September 12, 2010 at 7:42 pm (ΔΙΑΦΟΡΑ, ΕΠΙΣΤΗΜΟΝΙΚΑ ΝΕΑ) ()

http://www.newscientist.com/article/mg20727774.400-ancient-greeks-spotted-halleys-comet.html

A CELESTIAL event in the 5th century BC could be the earliest documented sighting of Halley’s comet – and it marked a turning point in the history of astronomy.

According to ancient authors, from Aristotle onwards, a meteorite the size of a “wagonload” crashed into northern Greece sometime between 466 and 468 BC. The impact shocked the local population and the rock became a tourist attraction for 500 years.

The accounts describe a comet in the sky when the meteorite fell. This has received little attention, but the timing corresponds to an expected pass of Halley’s comet, which is visible from Earth every 75 years or so.

Philosopher Daniel Graham and astronomer Eric Hintz of Brigham Young University in Provo, Utah, modelled the path that Halley’s comet would have taken, and compared this with ancient descriptions of the comet (Journal of Cosmology, vol 9, p 3030). For example, the comet was said to be visible for 75 days, accompanied by winds and shooting stars, and in the western sky when the meteorite fell.
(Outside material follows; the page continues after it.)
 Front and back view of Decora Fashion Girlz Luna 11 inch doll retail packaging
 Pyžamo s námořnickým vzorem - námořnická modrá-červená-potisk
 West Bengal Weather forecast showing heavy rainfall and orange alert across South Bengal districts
The researchers show that Halley’s comet would have been visible for a maximum of 82 days between 4 June and 25 August 466 BC. From 18 July onwards, a time of year characterised in this region by strong winds, it was in the western sky. At around this time, the Earth was moving under the comet’s tail, so its debris field would have made shooting stars.

None of this proves the comet’s identity, but Graham says such major comet sightings are rare, so Halley must be a “strong contender”. Previously, the earliest known sighting of Halley was made by Chinese astronomers in 240 BC. If Graham and Hintz are correct, the Greeks saw it three orbits and more than two centuries earlier.

The researchers’ analysis reveals this moment to be a crucial turning point in the history of astronomy. Plutarch wrote in the 1st century AD that a young astronomer called Anaxagoras predicted the meteorite’s fall to Earth, which has puzzled historians because such events are essentially random occurrences.

After studying what was said about Anaxagoras, Graham concludes that he should be recognised as “the star of early Greek astronomy”. Rather than predicting a particular meteorite, he reckons Anaxagoras made a general statement that rocks might fall from the sky.

At this time, says Graham, everyone thought that celestial bodies such as the moon and planets were fiery, lighter-than-air objects. But after observing a solar eclipse in 478 BC, Anaxagoras concluded that they were heavy, rocky lumps, held aloft by a centrifugal force. This implied that solar eclipses occurred when the moon blocked the light from the sun. It also meant that if knocked from position, such a rock might crash to Earth.

“When the meteorite fell, no one could deny it,” says Graham. “The headline was ‘Anaxagoras was right’.”

Did Halley’s comet play a role? It is always possible that the comet might have nudged a near-Earth asteroid from its course and sent it hurtling towards northern Greece. From that point on, the idea of rocks in the sky was accepted, and the Greeks had a new understanding of the cosmos.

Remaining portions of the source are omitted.